The Publicis and Hal Riney site attempts to innovate navigation by replacing mouse input by detecting gestures the user makes against their webcam. Once the Flash file embeds your webcam video into the lower right corner of the page, a body outline is superimposed, and hot spots in the North-South-East-West quandrants are ghosted on the screen to show where you should hold or swipe your hand to navigate. Unfortunately the video ended up eating up resources on my machine to the point that the load times were painfully slow.

This site reminds me, in a way, of the Don't Click It site, which was a proof of concept for using mouse gestures rather than requiring the user click on links. It also reminds me of the Eye Toy game for the PS2, and the ToySight game for the Mac. There are several of these camera-based TV games available.

From personal experience, I can say that I found the EyeToy game interaction fun for several minutes while passing through a game store, but the experience with the ToySight game on the Mac is absolutely frustrating and pointless. This is the same feeling I get after playing with the Publicis and Hal Riney site. Using webcam gestures for the purpose of playing a game is quite different from swiping your arm around in order to navigate an information space. Additionally, besides the 4 directions provided for navigation, there is only one gesture used to select/click content on the page--the space bar. Don't Click It succeeds, at least, in that the gestures of a mouse are small. Having to pick up my arm to simply paginate seems a bit much.
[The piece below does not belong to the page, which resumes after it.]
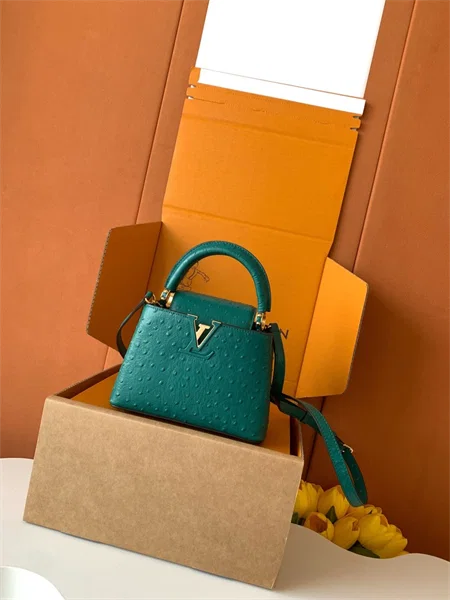 Louis Vuitton Capucines Mini-style Top-Handle Bag — M24713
Using the webcam gestures for interaction on their web site seems very misplaced. If the purpose is to demonstrate the idea, I'd think a separate demo for that specific purpose might be great. The visual design, on the other hand, is beautiful.

1. Splash screen asks user to select mouse or webcam for user input.
2. Webcam input shows your body placed in center with N-S-E-W hot spots for navigation. Space bar is used to provide click input.
3. Hot spots used for pagination (prev-next).